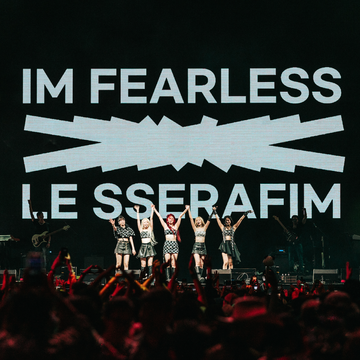 le sserafim performing at coachella with the words i'm fearless on the screen behind them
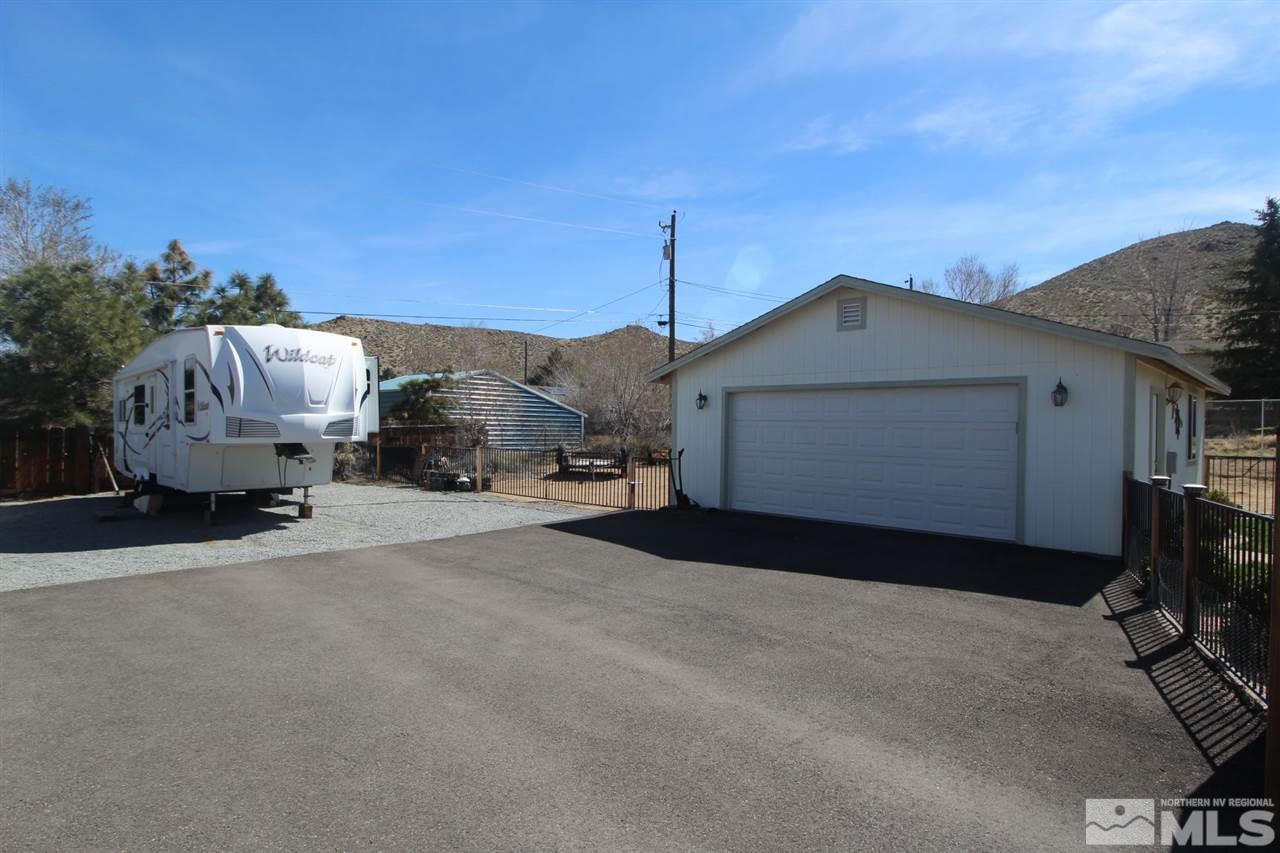 8715 Aquifer Way Reno, NV 89506 - Photo 17 of 18 a car parked in front of a house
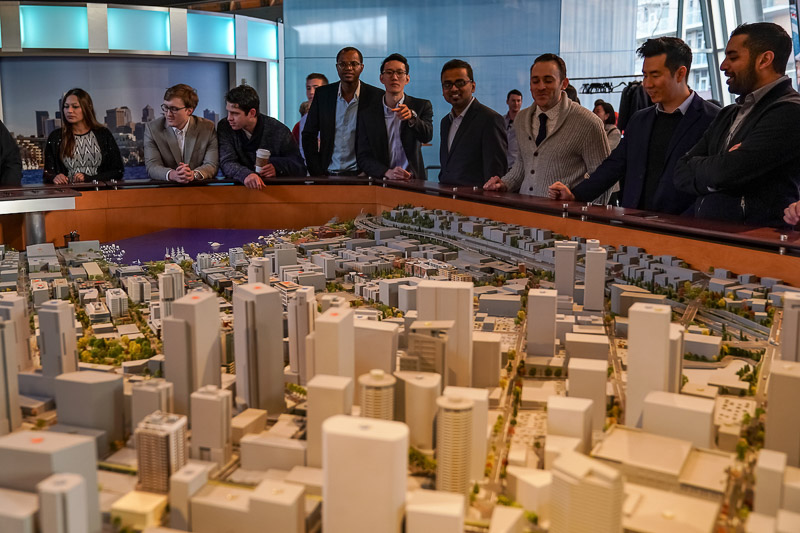 Photo of a close up of a scale model of a large city; students looking in the background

● ● ● ●

** INSTRUCTIONS TO FOLLOW **
With the pictures removed, write the listing out word for word.

** ANSWER TO THE PROBLEM **
 le sserafim performing at coachella with the words i'm fearless on the screen behind them
 8715 Aquifer Way Reno, NV 89506 - Photo 17 of 18 a car parked in front of a house
 Photo of a close up of a scale model of a large city; students looking in the background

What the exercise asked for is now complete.